The reputations of the opinion writing judge, the principle of broad generalization to bring order and sense in the precedent, and policy of prospective consequence of the rule under consideration are considerations which must be taken into account before evaluating a judicial decision.
The facts of law are facts of life and the precedence of courts whether lower or higher unit not in the sense what they have decided but what was bothering and helping the court.
Scandinavian Realist School
The approach which they have developed over the centuries is peculiar and has very little parallel with other countries. The law is Judge made law and little codification happens in these countries.
Law can be explained only in terms of observable facts and the study of such facts which is the science of law. Therefore, law is a true science with any other concern with facts and events in the realm of casualty.
Law is nothing but the very life of mankind in organized groups and the conditions which make possible peaceful co-existence of mass of individuals and social groups and the co-operation for the other ends than mere existence and propagation.
Axel Hagerstrom- 1868-1939-He is considered to be the spiritual father of the Scandinavian Realists. He mastered the Roman Law. He was essentially a jurist of philosophical times. Legal Science are important tools in reorganization of society in just the same way as natural sciences depict the natural phenomenon.
The rights, duties, property, will of the state were all word play. Legal Philosophy is a sociological dispensation based on Historical and Psychological Analysis. The idea of rights and duties expressed in the imperative form is really about something which the legislator had in mind too be actualized by means of the law.
The claims and assertions of rights and duties is basically what in fact a person claiming a right can obtain from the party who is under an obligation through the process of law. Judges while applying the legal odds, ‘it shall be so’ is nearly a phrase which does not express any kind of idea but serves as a psychological means of compulsion in a certain case.
It is only from the ideas that logical content can be drawn. On the other hand the ideal content of law is arrived at for psychological associative reasons.

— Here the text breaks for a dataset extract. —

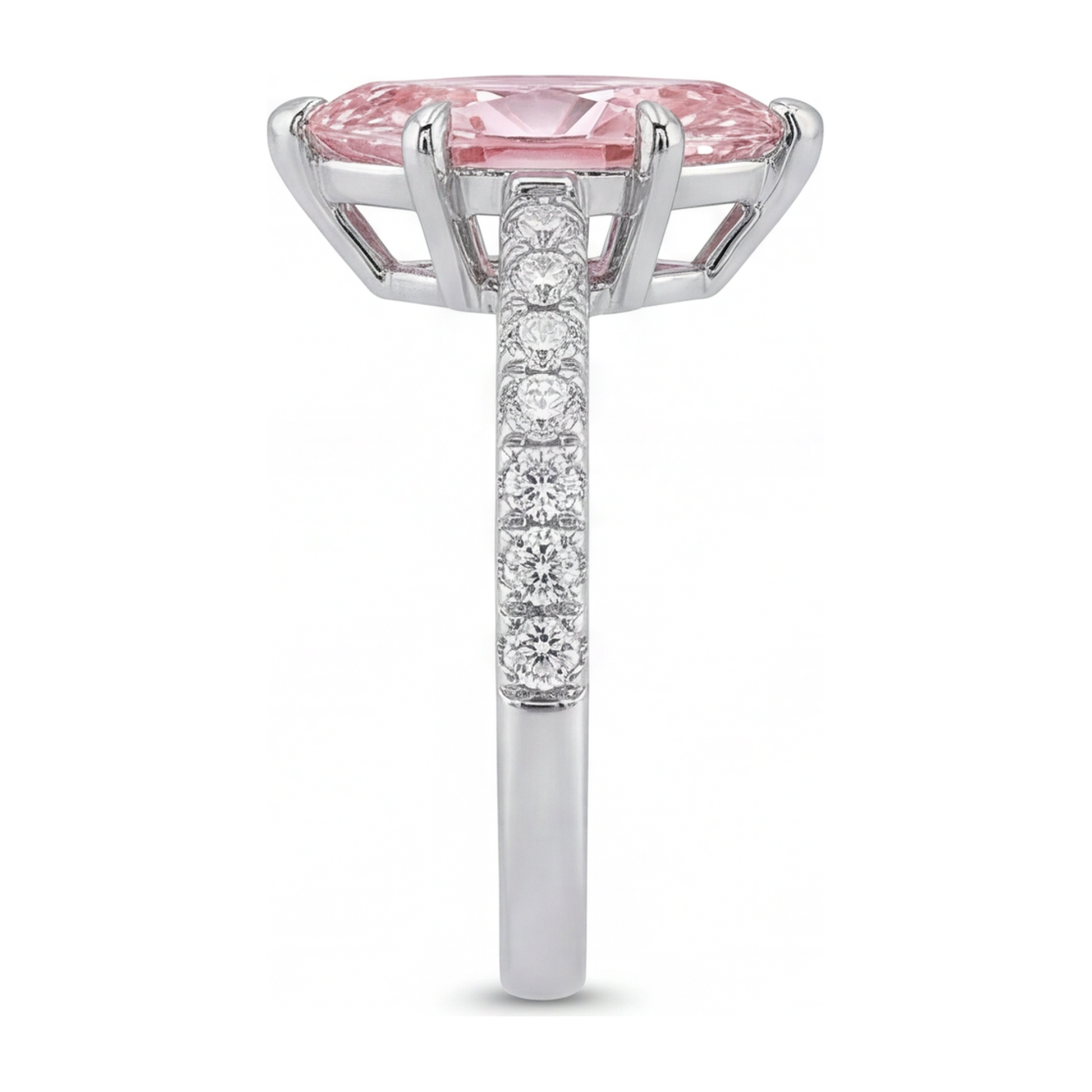 2 Carat Marquise Pink Lab Grown Diamond and White Diamond Pave Ring 14K White Gold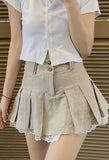 Cotton Linen Pleated Mini Skirt-Outfit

The legal enactments concerning rights and duties are powers which fall outside the physical world. Even if, the legislator also understands why rights and duties are certain social state of affairs which he aims at realizing, yet the idea of rights and duties are supernatural powers and bonds present and active throughout. The essence of Hagerstorm’s thesis is the extrapolation of the idea of rights and duties as they are odd propositions but there content is something of supernatural power with regard to things and persons.
The second aspect of his thesis is that rights and duties have a psychological explanation found in the feelings of strength and power associated with the conviction of possessing a right. Therefore, one fights better if one believes that one has right on one’s side.
Karl Olivercrona- 1897- Rules of law are independent imperatives that are propositions in imperative form but not issuing like commands from particular persons.
Law as fact- Law is a link in the chain of cause and effect. The binding force of law is a reality merely as an idea in human minds. The content of a rule of law looking at both substantive and procedural aspects may be defined as an idea of imaginary action by people, for e.g. judges in imaginary situations. The application of law consists in taking these imaginary actions as models for actual conduct when the corresponding situations arise in real life.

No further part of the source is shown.